ASSIGNED TASK |
Every entry below is to be copied exactly, apart from any picture it holds.

--- STUDY MATERIAL Enclosed Below ---

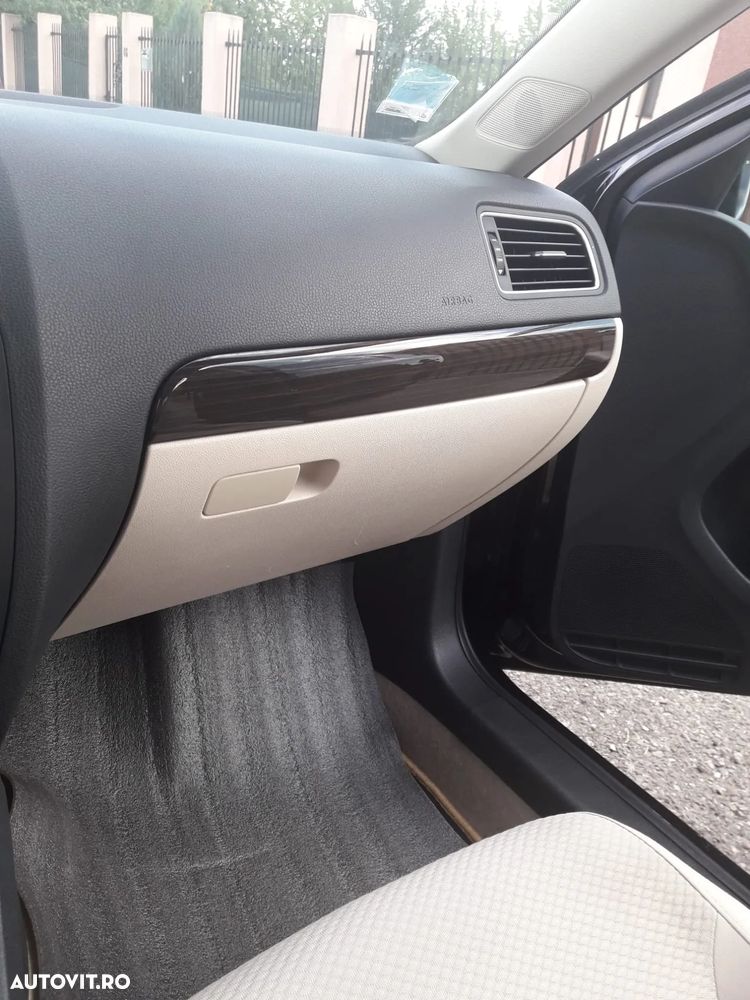 Volkswagen Jetta ver-2-0-tdi-dsg-bluemotion-technologie - 6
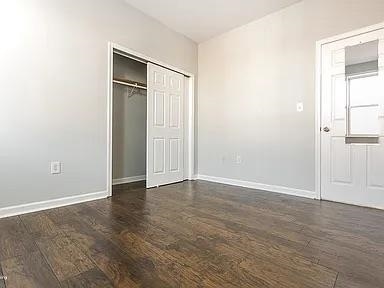 Building Photo - 1320 44th St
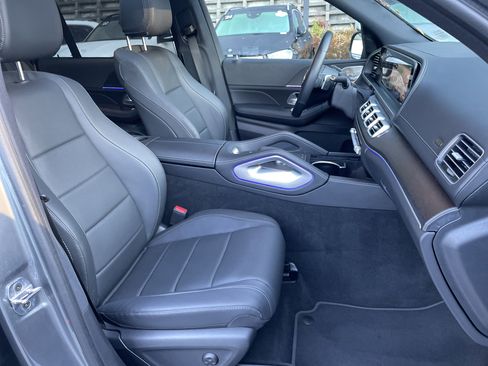 Certified 2025 Mercedes-Benz GLS 450 4MATIC image 52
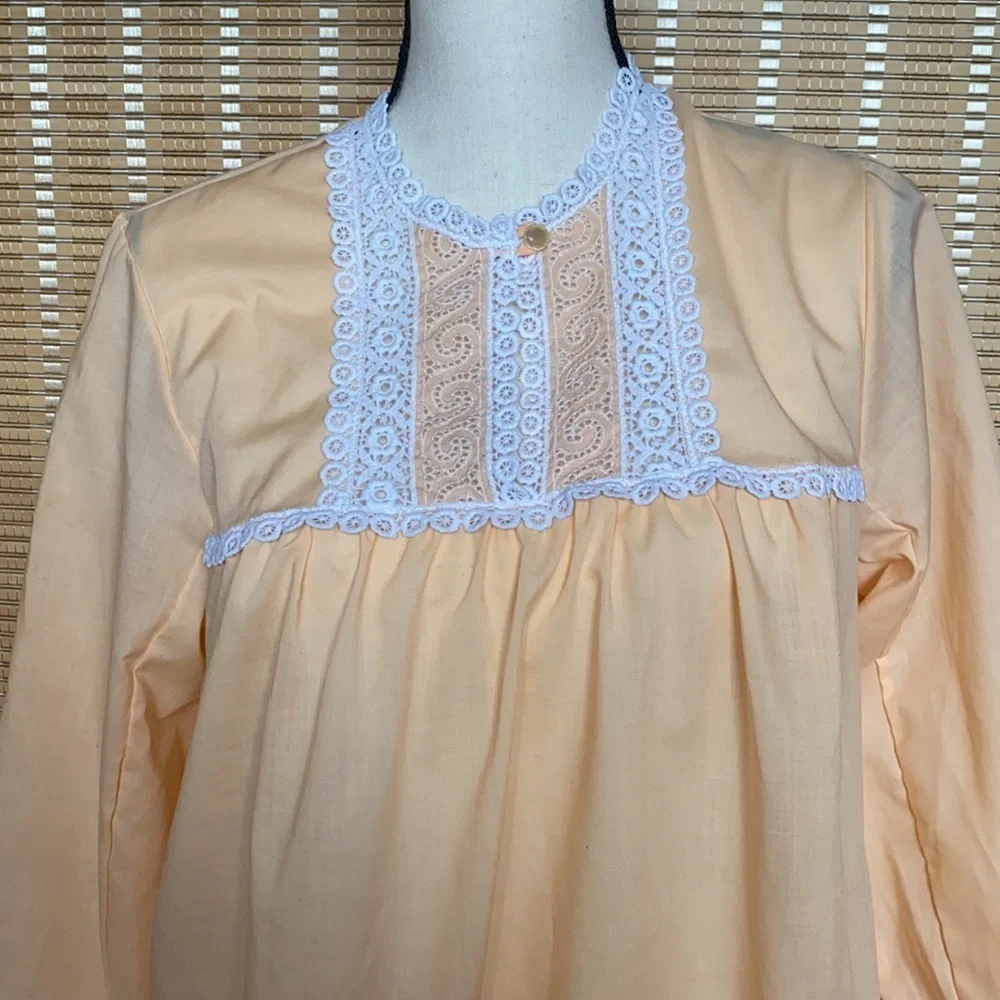 Vintage 1980s cotton blend nightgown women with‎ mother pearl button medium - Picture 2 of 9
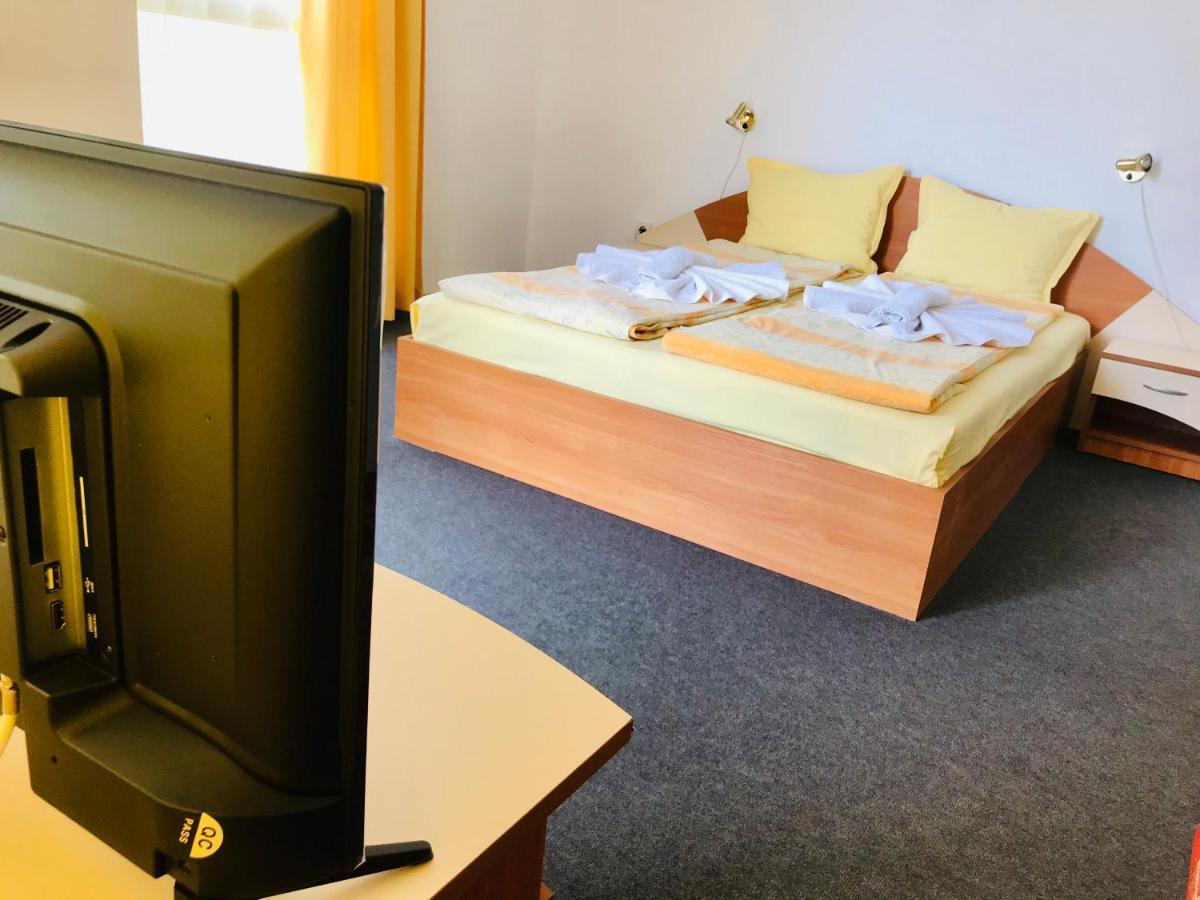 Family Hotel Friends Primorsko Buitenkant foto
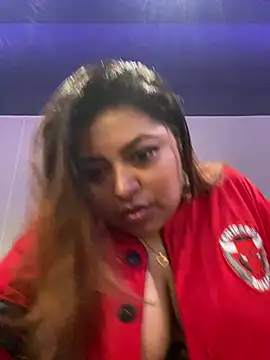 Hela Collins online show from 10/18/25, 05:03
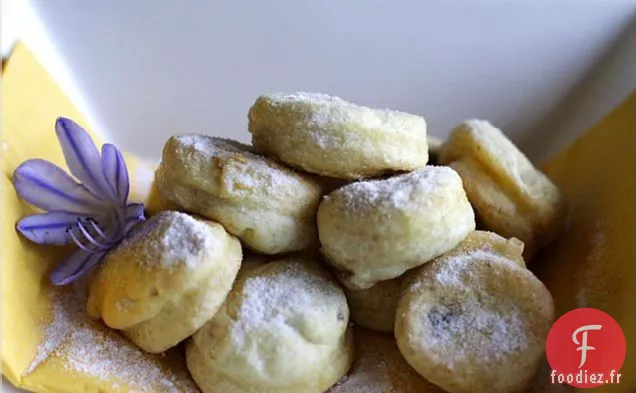 Soufflez Des Boules De Blanc D'Oeuf Avec De La Pâte De Haricots Rouges (????)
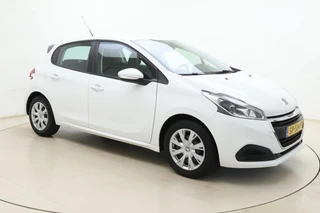 Peugeot 208 1.2 PureTech Active / 9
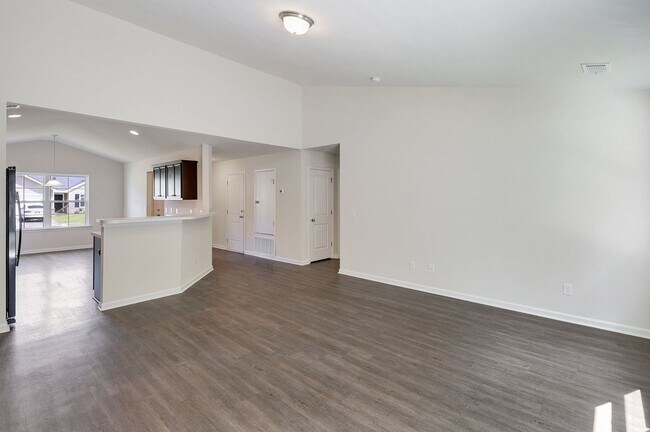 Building Photo - 3 bed 2 bath - Hartfof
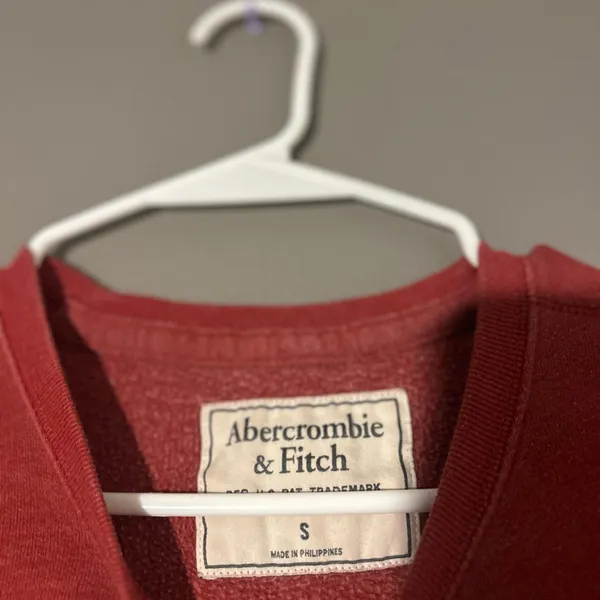 Abercrombie & Fitch Men's Brick Red Crewneck Sweater - Image 2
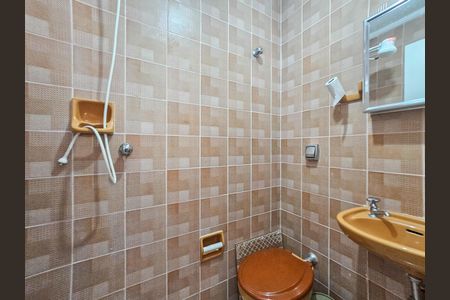 Banheiro de Serviço de apartamento para alugar com 3 quartos, 40m² em Jardim Belmar, Guarujá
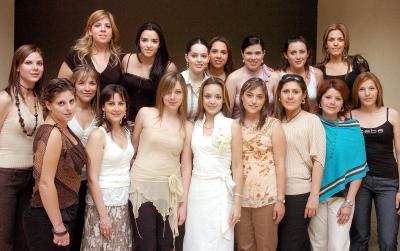 14042006 
Laura Patricia Michel Salinas recibió numerosas felicitaciones de sus amigas, en la despedida de soltera que le organizaron por su próximo enlace nupcial.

--- End of Enclosed STUDY MATERIAL ---

ANSWER BOX |
 Volkswagen Jetta ver-2-0-tdi-dsg-bluemotion-technologie - 6
 Building Photo - 1320 44th St
 Certified 2025 Mercedes-Benz GLS 450 4MATIC image 52
 Vintage 1980s cotton blend nightgown women with‎ mother pearl button medium - Picture 2 of 9
 Family Hotel Friends Primorsko Buitenkant foto
 Hela Collins online show from 10/18/25, 05:03
 Soufflez Des Boules De Blanc D'Oeuf Avec De La Pâte De Haricots Rouges (????)
 Peugeot 208 1.2 PureTech Active / 9
 Building Photo - 3 bed 2 bath - Hartfof
 Abercrombie & Fitch Men's Brick Red Crewneck Sweater - Image 2
 Banheiro de Serviço de apartamento para alugar com 3 quartos, 40m² em Jardim Belmar, Guarujá
 14042006 
Laura Patricia Michel Salinas recibió numerosas felicitaciones de sus amigas, en la despedida de soltera que le organizaron por su próximo enlace nupcial.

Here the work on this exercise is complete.